[Task requirements] Return the entries below word for word; no images should appear in the copy.

*** Opening Information given ***

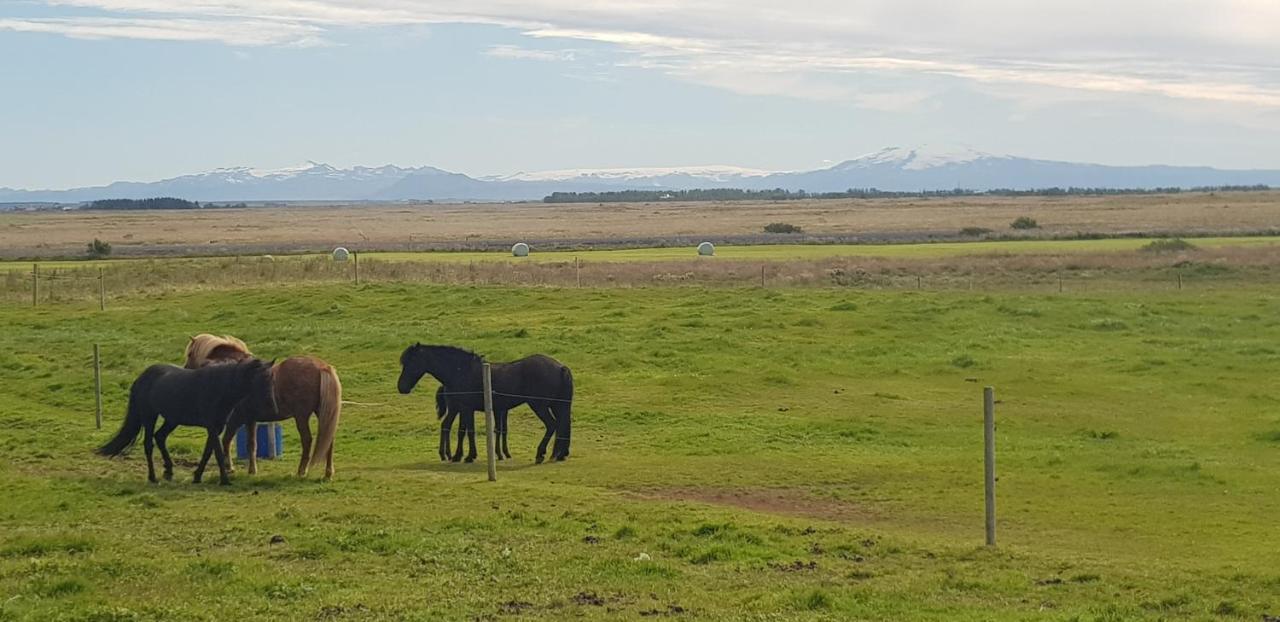 Efri-Gegnisholar Hotel Selfoss Bagian luar foto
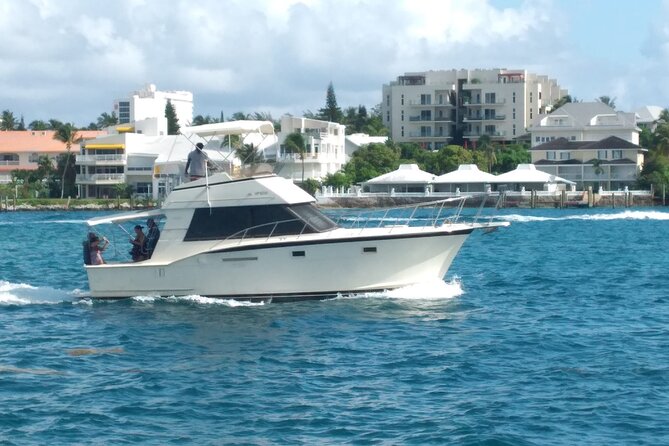 Half-Day at Green Cay Bahamas Snorkeling with Turtles - Why Green Cay makes this Nassau trip different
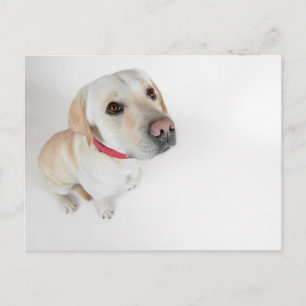 labrador briefkaart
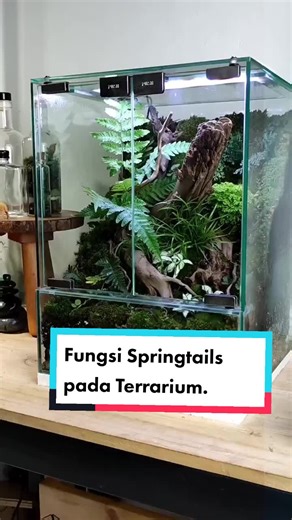 Fungsi Springtails pada Terrarium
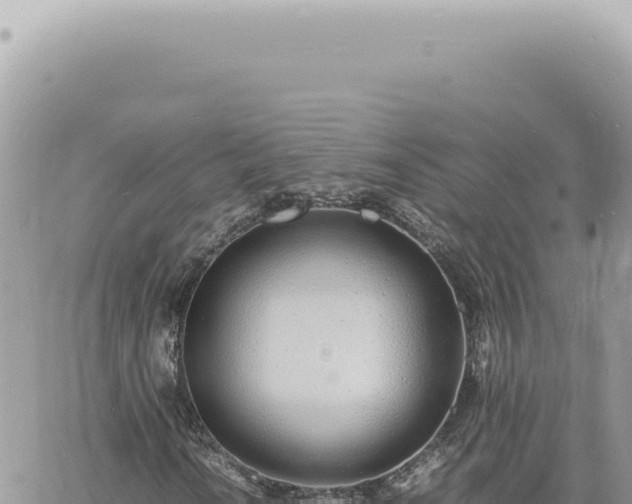 X0000060771010200511171208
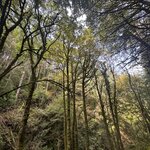 Photo taken by Ellen D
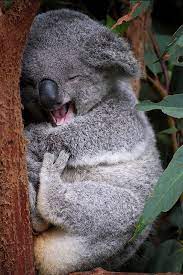 koala happy animals cute animals koala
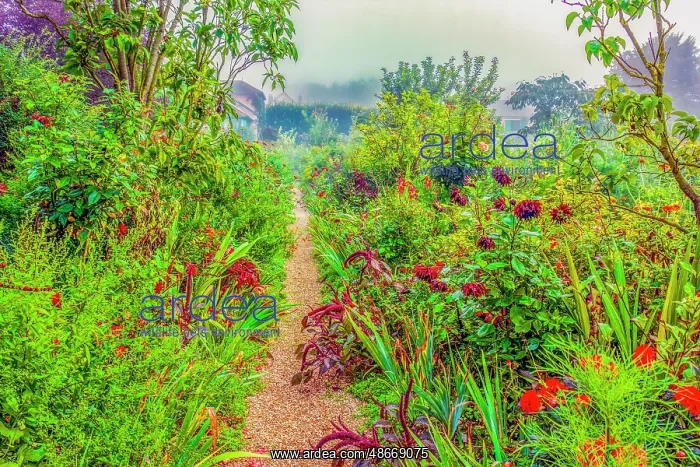 : Giverny, France. Wide angle landscape view of Claude Monet's : Giverny, France. Wide angle landscape view of Claude Monet's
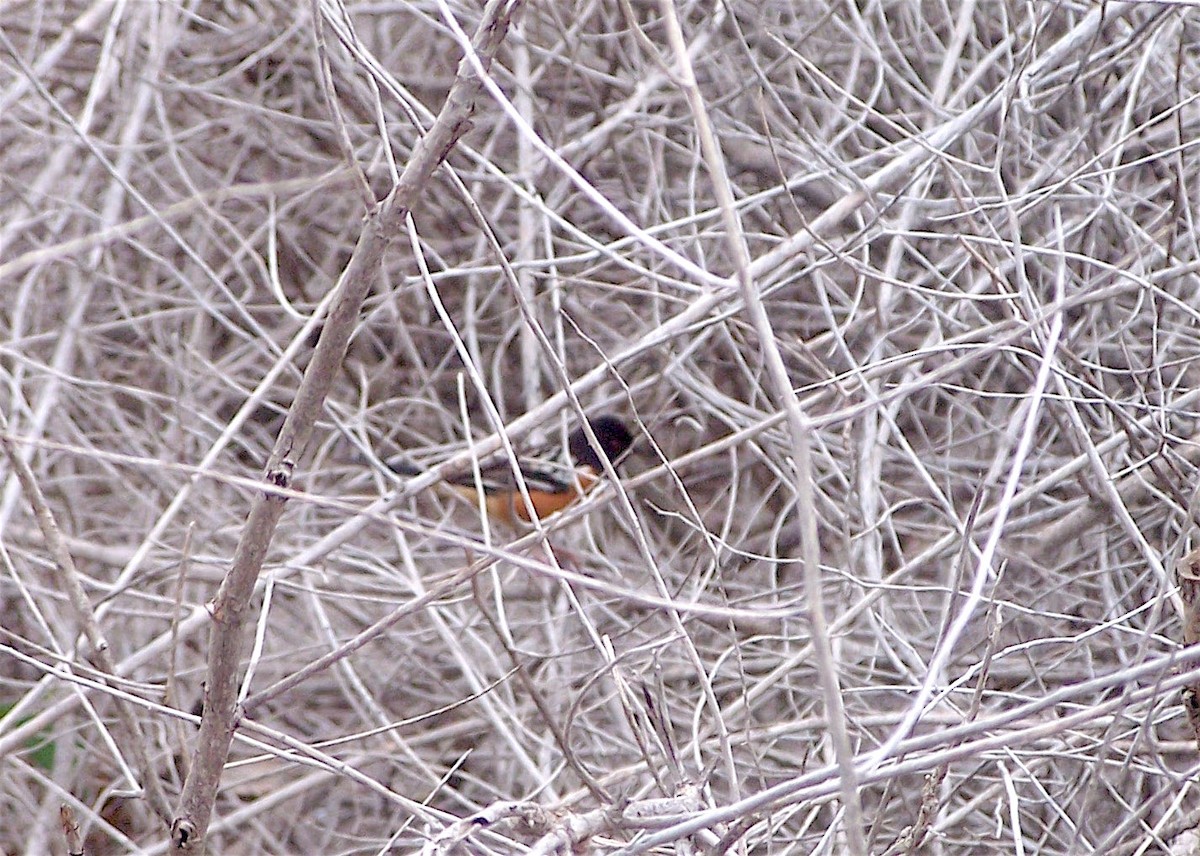 Spotted Towhee - ML150026131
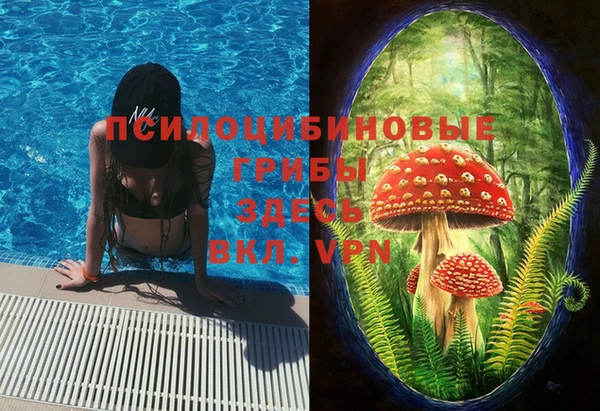прущие грибы Алзамай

*** Closing Information given ***

[Written reply]
 Efri-Gegnisholar Hotel Selfoss Bagian luar foto
 Half-Day at Green Cay Bahamas Snorkeling with Turtles - Why Green Cay makes this Nassau trip different
 labrador briefkaart
 Fungsi Springtails pada Terrarium
 X0000060771010200511171208
 Photo taken by Ellen D
 koala happy animals cute animals koala
 : Giverny, France. Wide angle landscape view of Claude Monet's : Giverny, France. Wide angle landscape view of Claude Monet's
 Spotted Towhee - ML150026131
прущие грибы Алзамай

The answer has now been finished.